Cela ne veut pas dire que nous avons établi chaque jour de nouveaux records sur les marchés spéculatifs. Les variations sur les prix des actions ont tendance à ressembler à ce que les économistes appellent des « marches aléatoires », où les prix reflètent les petits chocs quotidiens qui ont à peu près autant de chances d’être positifs que négatifs. Et les marches aléatoires ont tendance à traverser de longues périodes quand elle se situent bien en deçà de leur précédent sommet ; la probabilité d’établir un record est négligeable, étant donné la forte augmentation que les prix devraient subir dans ce cas.

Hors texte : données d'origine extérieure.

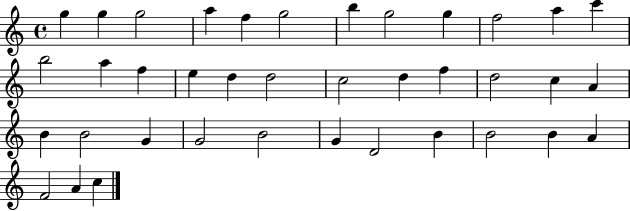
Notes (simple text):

G5/q G5/q G5/h A5/q F5/q G5/h B5/q G5/h G5/q F5/h A5/q C6/q B5/h A5/q F5/q E5/q D5/q D5/h C5/h D5/q F5/q D5/h C5/q A4/q B4/q B4/h G4/q G4/h B4/h G4/q D4/h B4/q B4/h B4/q A4/q F4/h A4/q C5/q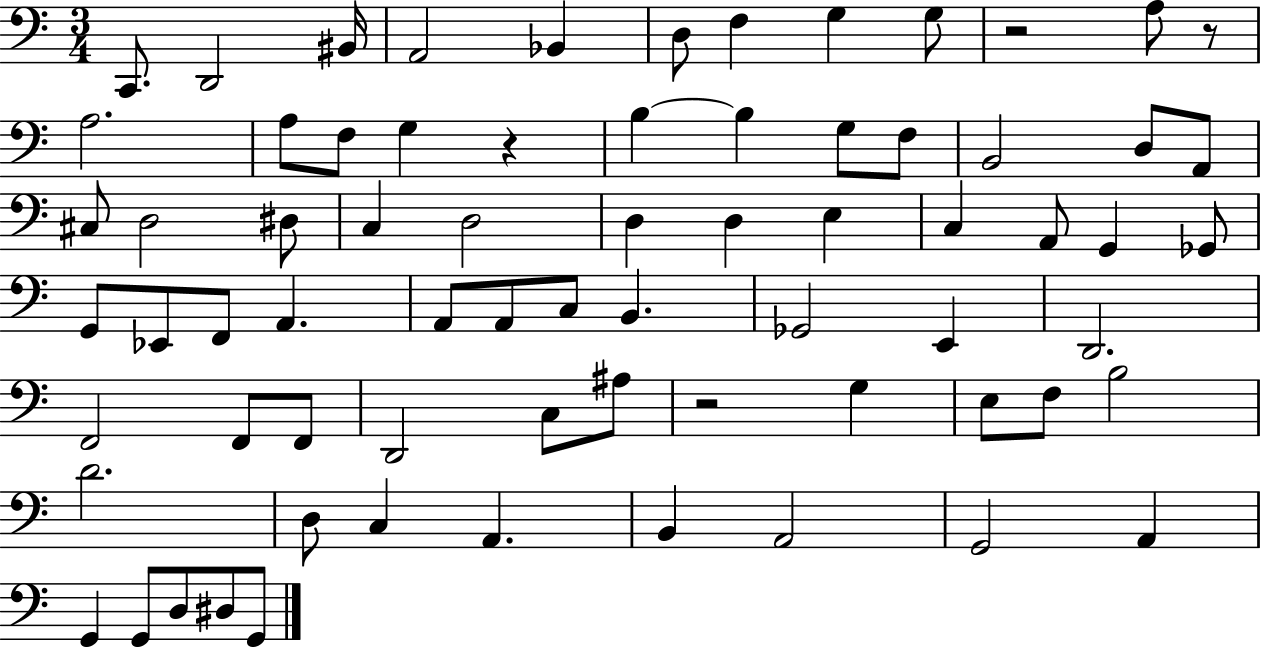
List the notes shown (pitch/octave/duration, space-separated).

C2/e. D2/h BIS2/s A2/h Bb2/q D3/e F3/q G3/q G3/e R/h A3/e R/e A3/h. A3/e F3/e G3/q R/q B3/q B3/q G3/e F3/e B2/h D3/e A2/e C#3/e D3/h D#3/e C3/q D3/h D3/q D3/q E3/q C3/q A2/e G2/q Gb2/e G2/e Eb2/e F2/e A2/q. A2/e A2/e C3/e B2/q. Gb2/h E2/q D2/h. F2/h F2/e F2/e D2/h C3/e A#3/e R/h G3/q E3/e F3/e B3/h D4/h. D3/e C3/q A2/q. B2/q A2/h G2/h A2/q G2/q G2/e D3/e D#3/e G2/e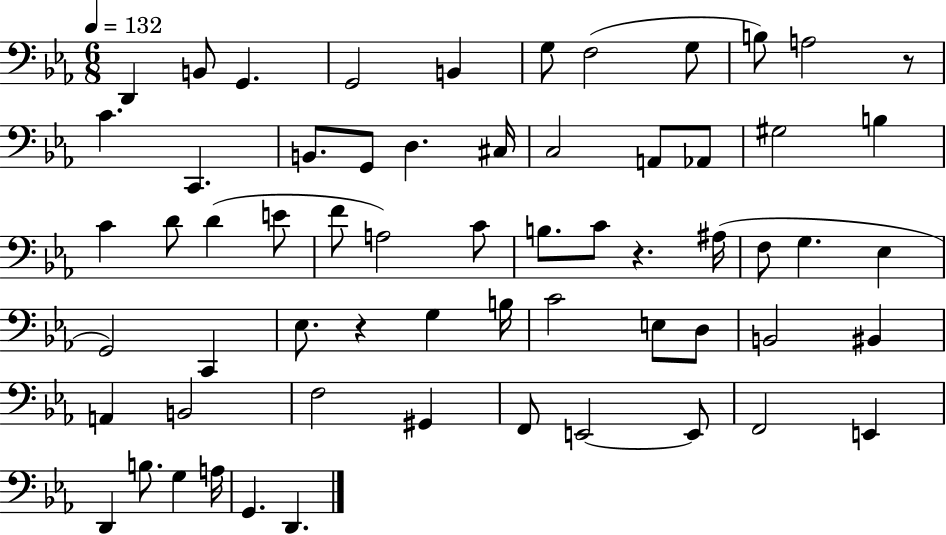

Mais une fois qu’ils atteignent un nouveau record, les prix ont une probabilité beaucoup plus forte d’établir de nouveaux records, probablement pas sur plusieurs jours consécutifs, mais sur un court intervalle.

Aux États-Unis, la combinaison de Trump et d’une succession de nouveaux records des prix des actifs (appelons cela un effet Trump au carré), a maintenu l’illusion qui sous-tend l’optimisme du marché actuel. Pour ceux qui ne sont pas trop angoissés d’avoir pris des positions extrêmes sur les marchés, il sera intéressant (sinon rentable), d’observer comment l’illusion se métamorphose en une nouvelle perception, qui implique des niveaux très différents pour les marchés spéculatifs.

*Prix Nobel d’économie de 2013 et professeur d’économie à l’Université de Yale, co-auteur, avec George Akerlof, de Phishing for Phools: The Economics of Manipulation and Deception.